Directions:
All lines below must be repeated exactly, with the pictures omitted.

Data shown:
+-------+

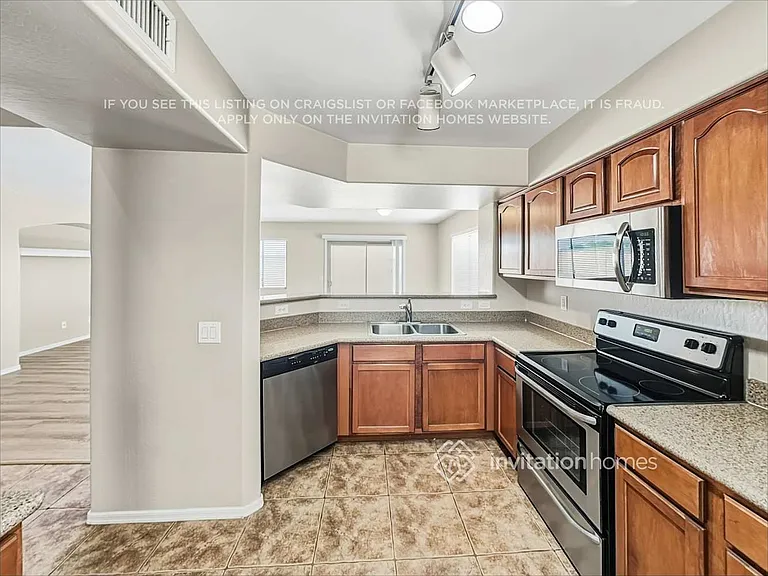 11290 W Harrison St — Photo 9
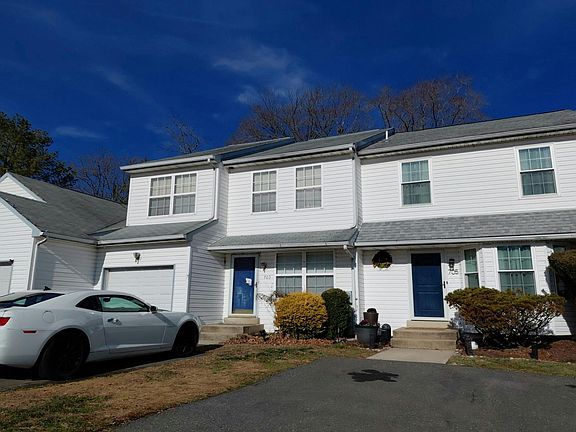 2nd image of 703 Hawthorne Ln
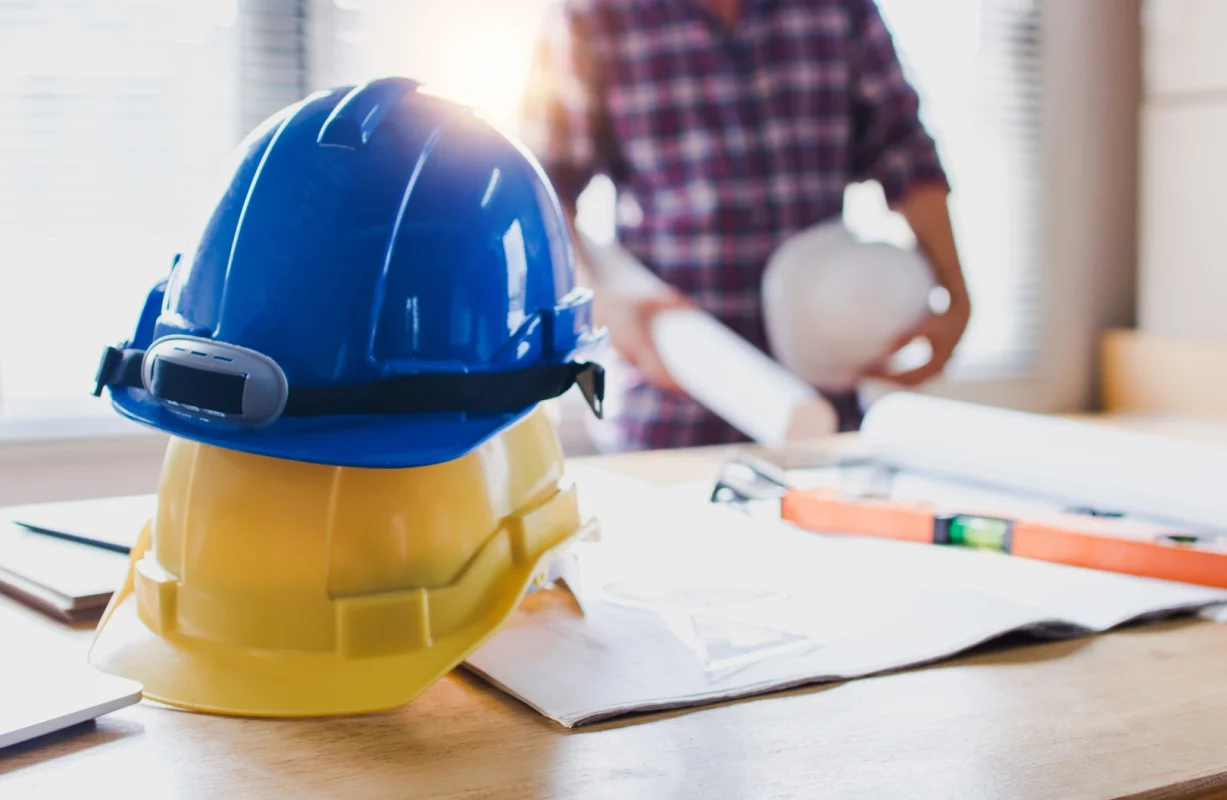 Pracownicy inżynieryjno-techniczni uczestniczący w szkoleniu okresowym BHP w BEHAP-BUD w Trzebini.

+-------+

Answer for this exercise:
 11290 W Harrison St — Photo 9
 2nd image of 703 Hawthorne Ln
 Pracownicy inżynieryjno-techniczni uczestniczący w szkoleniu okresowym BHP w BEHAP-BUD w Trzebini.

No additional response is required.